Quick Start¶
A minimal end-to-end example using the Delaware River Basin.
This guide walks through a complete pipeline run: from project setup to inspecting output files. By the end, you will have zonal statistics for elevation, slope, and land cover computed over a polygon fabric.
Prerequisites¶
- pixi installed (installation guide)
- hydro-param cloned and environment synced:
Step 1: Initialize a project¶
This creates a standard project directory with template configs,
data directories organized by dataset category (e.g., data/topography/,
data/soils/), and a .gitignore.
Step 2: Obtain a target fabric¶
hydro-param does not fetch or subset fabrics. You need a pre-existing GeoPackage or GeoParquet file containing your HRU polygons. Options:
- pynhd / pygeohydro --
pygeohydro.get_camels()or NHDPlus catchments - USGS Geospatial Fabric -- download from ScienceBase
- Custom -- any polygon mesh with a unique integer ID column
Copy your fabric into the project:
Fabric requirements
The fabric must be a GeoPackage (.gpkg) or GeoParquet (.parquet)
file with polygon geometries and a unique integer ID column (e.g.,
featureid, nhm_id). hydro-param reads this file as-is and does
not modify it.
Step 3: Explore available datasets¶
List all registered datasets grouped by category:
Get details on a specific dataset, including its variables, access strategy, and spatial extent:
Step 4: Write a pipeline config¶
Create configs/pipeline.yml with the following content.

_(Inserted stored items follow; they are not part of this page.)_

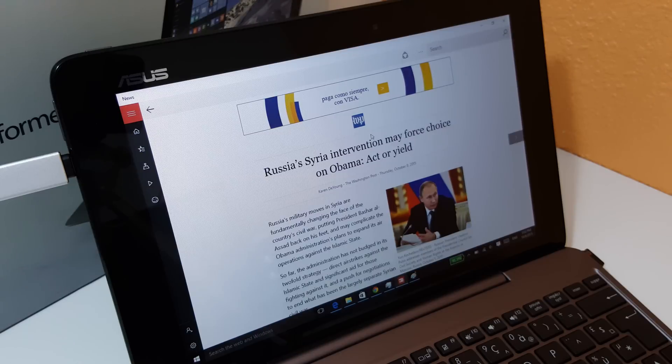Hi guys, Chris here with the ASUS Transformer Book T100HA. I'm just going to do a very quick demonstration of the kind of level of multitasking you can do on this tablet with the Cherry Trail X5-Z8500 and 4GB of RAM. My version also has a 64GB eMMC drive, but that's not going to make a real difference.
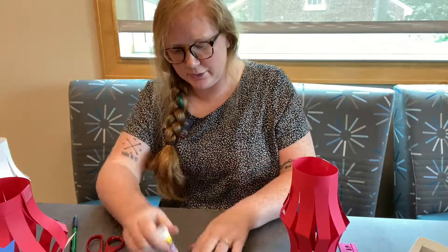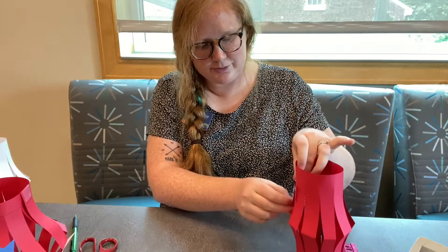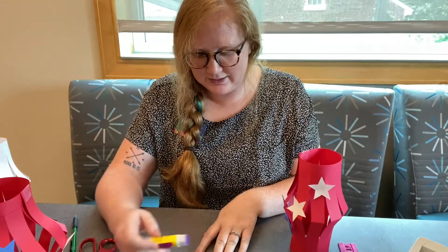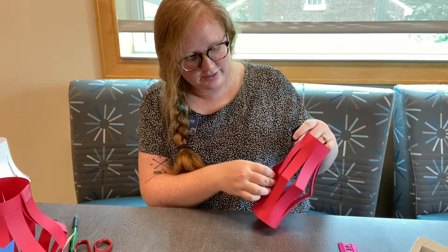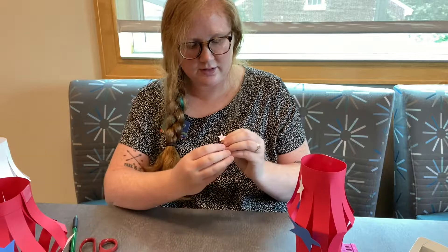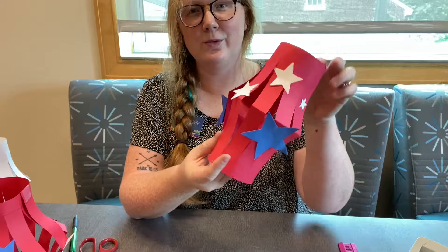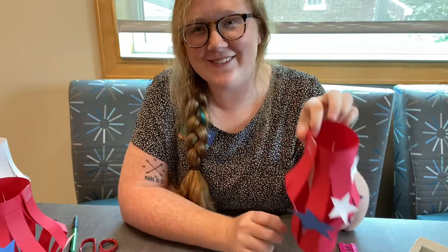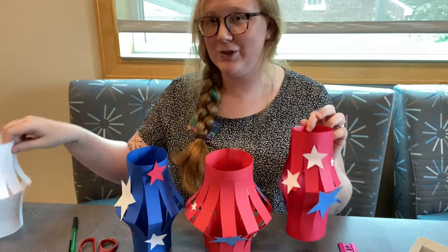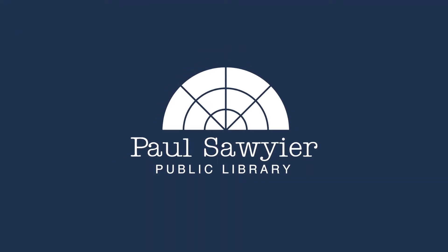These would be super cute decorations for the 4th of July. You could always put a tea light in the bottom of them, put them on your table — and there we go, it's so cute! I hope everybody's having a great 4th of July. If you make one of these lanterns, we would love to see your picture — you can send it to us on Facebook. We'll see you soon, bye!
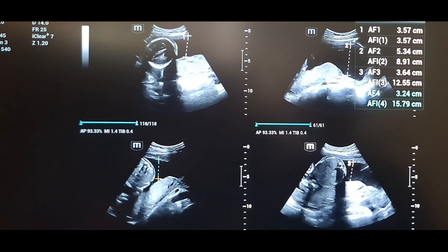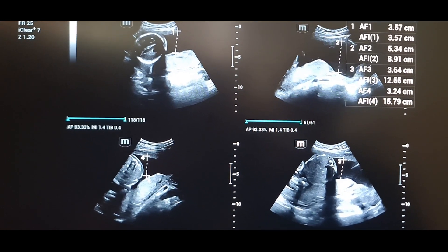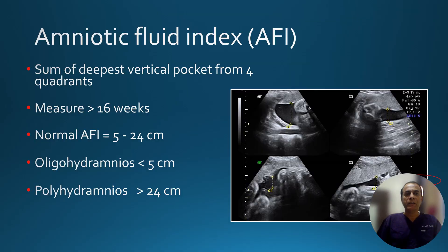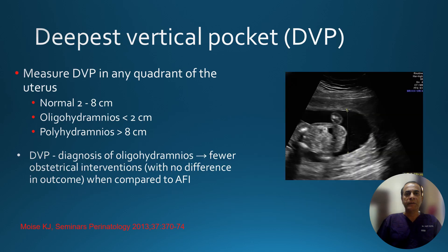Always follow a scheme so that you will not measure the same pocket twice. We measure the four-quadrant AFI. If the amniotic fluid index is between 5 to 24 centimeters, it is normal. If it is less than 5 centimeters, it is oligohydramnios, and if it is more than 24 centimeters, it is called polyhydramnios.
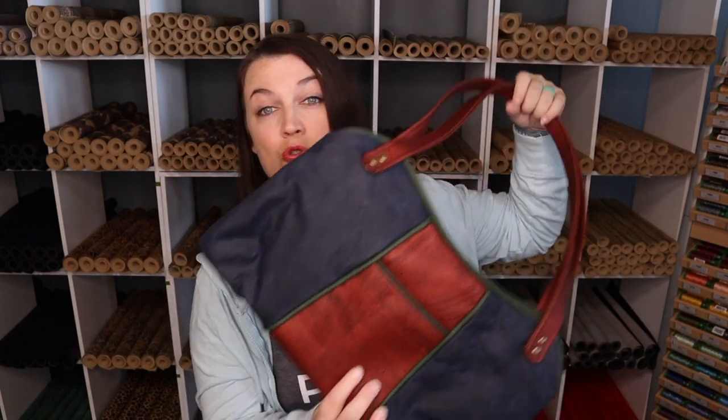Here she is in all her glory. It was a long, hard road — a lot of work — but I love this bag. I think it's beautiful and unusual. I think it has some very unique identifying features about it. It's not really a neutral color scheme, but it's not normally what I go for, and I kind of like it.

This minimal
config requests two datasets: 3DEP elevation and slope, plus NLCD land
cover fractions.
target_fabric:
path: "data/fabrics/catchments.gpkg"
id_field: "featureid"
crs: "EPSG:5070"
domain:
type: bbox
bbox: [-76.5, 38.5, -74.0, 42.6] # (1)!
datasets:
topography: # (2)!
- name: dem_3dep_10m
variables: [elevation, slope]
statistics: [mean]
land_cover:
- name: nlcd_osn_lndcov
variables: [LndCov]
statistics: [categorical] # (3)!
year: [2021]
output:
path: "./output"
format: netcdf
processing:
batch_size: 500
- Bounding box as
[west, south, east, north]in longitude/latitude. This covers the Delaware River Basin. - Datasets are grouped by category. Valid categories include
topography,soils,land_cover,snow, andclimate. - Use
categoricalfor land cover to get per-class area fractions rather than a single summary statistic.
Config validation
hydro-param validates the config on load using Pydantic. Misspelled field names, unknown categories, or missing required fields produce clear error messages before any processing begins.
Step 5: Run the pipeline¶
The pipeline executes five stages:
- Resolve fabric -- loads and spatially subsets the target fabric
- Resolve datasets -- validates dataset names against the registry
- Compute weights -- gdptools builds intersection weights per batch
- Process datasets -- computes zonal statistics for each variable
- Format output -- writes results to the output directory
Progress is logged to the console. A typical run with 500-feature batches takes a few minutes depending on network speed (remote datasets) or disk I/O (local data).
Step 6: Inspect results¶
After the pipeline completes, the output directory contains one CSV per variable, organized by category:
output/
topography/
dem_3dep_10m_elevation_mean.csv # (1)!
dem_3dep_10m_slope_mean.csv
land_cover/
nlcd_osn_lndcov_LndCov_categorical_2021.csv # (2)!
.manifest.yml # (3)!
- Each CSV is indexed by the fabric ID field (
featureidin this example) with one row per feature. - Categorical output contains one column per land cover class, with values representing the fractional area of each class within each feature.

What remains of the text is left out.